Serial is ending this week -- but not without a crowdfunding campaign trying to glom itself onto the podcast's popularity first. "CrowdSolve - CrowdSourcing Adnan's Investigation" is the logical convergence of online vigilante justice and dumb crowdfunding, and it represents exactly what is wrong with internet culture today.
The ultrapopular podcast investigating the 1999 murder of a teenage girl has, of course, already spawned a fever pitch of speculation on Reddit (28,000 members at r/serialpodcast). Did her ex-boyfriend, Adnan Syed, really do it? CrowdSolve wants $US50,000 to build a platform for armchair detectives.
Even without the dangerous vigilante justice aspect of the project, crowdfunding is risky business. Never mind that crowdsourced criminal investigations have gone horribly wrong before. Exhibit A, when a Reddit witchhunt wrongly identified a missing Brown student as the Boston marathon bombers. Never mind that Reddit has spawned a hundred conspiracy theories but no new insights into Adnan's case. The incessant speculation about people's private lives have, if anything, been toxic to the individuals involved.
(Oh, hey, is now a good time to mention that CrowdSolve promises you a conversation with one of Adnan's former classmates for just $US150?)
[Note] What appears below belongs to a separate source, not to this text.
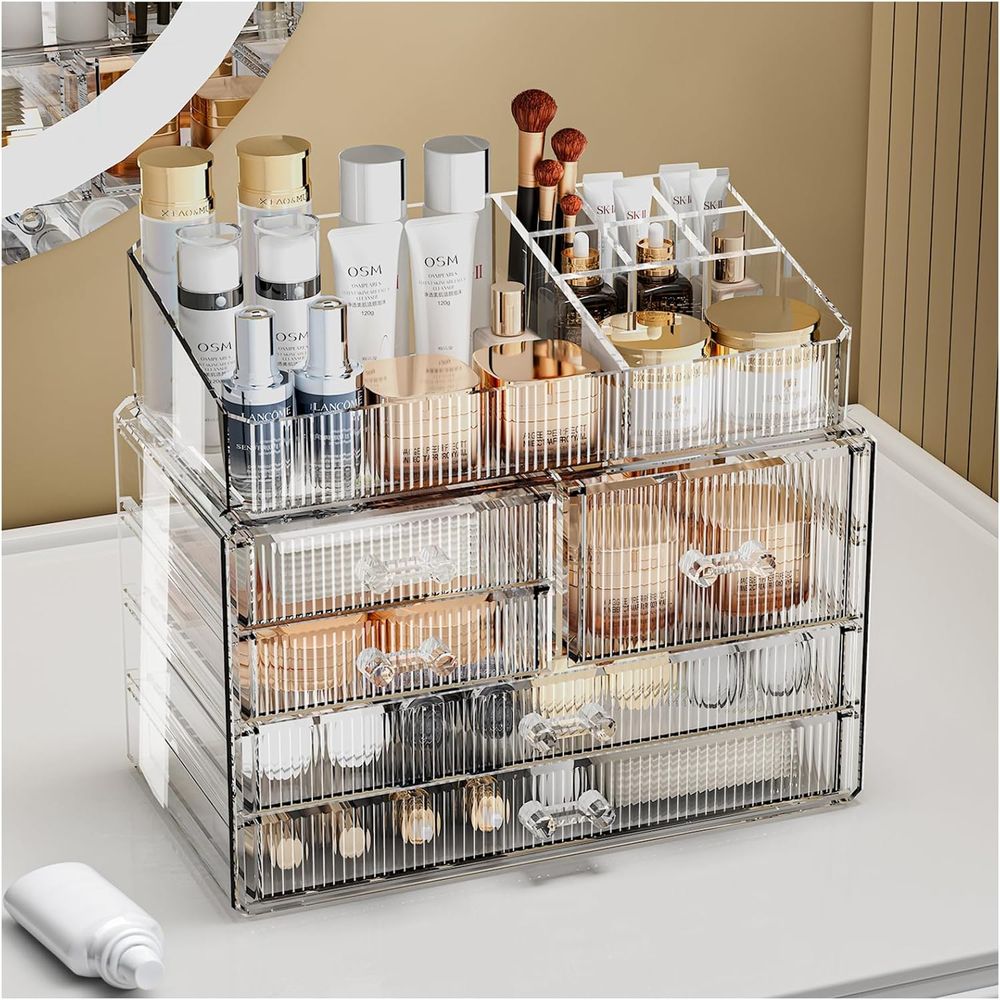 Transparent Acrylic Makeup Org - Eyeshadow Palette reseña y precio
CrowdSolve claims it will be better than Reddit, telling TechCrunch that it will be built "ground-up to foster the exploration and exposition of criminal investigations in a transparent, tightly monitored way." So far, that seems to be mean building an iPad app. Because why not an iPad app, amirite?
Interestingly, Reddit itself has not taken kindly to CrowdSolve. "What could possible go wrong?," asks the first comment. Or take this comment from makers_markers, which sends a barb into exactly how CrowdSolve is missing the point of Serial:
If this podcast about how seemingly arbitrary and unrelated factors can influence a jury to acquit or convict has taught me anything, it's that crowdsourcing the truth is a brilliant idea.
Never mind, as well, that the guys behind CrowdSolve don't exactly have any experience with the criminal justice system. Sure, they have nice, slick infographics and cite the Innocence Project (by the way, here's how to give your money to the Innocence Project instead), but self-described "serial entrepreneur" Colin Heilbut's greatest hit to date is a "smart cat feeder."
It's also worth pointing out that the Indiegogo campaign has flexible funding, meaning it gets any money it raises even if it doesn't meet its $US50,000 goal -- or deliver anything as promised.
The biggest reward for backers of the CrowdSolve campaign really says it all. It has nothing to do with Serial or Adnan -- and everything to do with making money.